One building not discussed in the video is the Almeda Theatre of Houston, Texas. The fact that I shot this in the early 80s — when I was just 19 or 20 years old — proves that I’ve always had an interest in photographing abandoned buildings!
The Old Almeda Theatre in Houston
I shot this color photograph of the old Almeda Theatre in 1983, while I was an art student living in Houston. It was located at 5614 Almeda Boulevard in Houston, and was already abandoned by the time I discovered it. It had a really great art deco style sign, and the melon and teal colors had circled back to popularity in the 1980s.
Google searches have turned up very few photographs of this now-demolished movie theatre. Cinema Treasures includes a few monochrome shots of the interior and exterior, circa 1940, not long after the theatre opened. One commenter on Cinema Treasures said that the Almeda had become a Fred Astaire Dance Studio by the mid-1950s. If that’s accurate, the building served a very short lifespan as a movie house. It has occurred to me that mine may be the only surviving color image of the of the Almeda Theatre. Unfortunately, my photograph only shows a section of the art deco sign, as seen from the sidewalk below.
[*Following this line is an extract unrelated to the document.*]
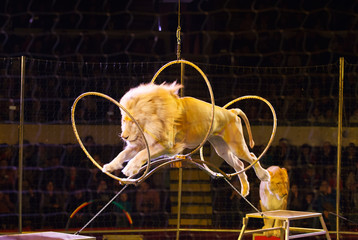 performance of a trainer of lions in a circus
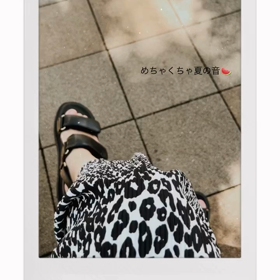 動画ものせられる！の画像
Houston has a handful of well-known historic (yet also endangered) movie theaters, including the River Oaks (where I saw The Rocky Horror Picture Show for the first time in the early ’80s) and the Alabama. The Almeda wasn’t one of these revered landmarks. I’m not sure anyone mourned its passing from the city.
Look how the film handled that harsh midday sun
As an aside, be sure to notice how well the the color film managed the harsh Texas midday sun. The shadows are open and accessible. The glaring sun on the sign is intense but doesn’t blow out the shot. The color is rich. I scanned this negative years ago and I can’t remember what film it was — most likely a consumer grade negative film by Kodak — maybe Kodacolor 100 or 400.
Video: Photography as a Form of Architectural Preservation
My book about abandoned places
If you’re fascinated by abandoned places, you may enjoy my book Unloved and Forgotten: Fine Art Photographs of Abandoned Places
Thanks for reading.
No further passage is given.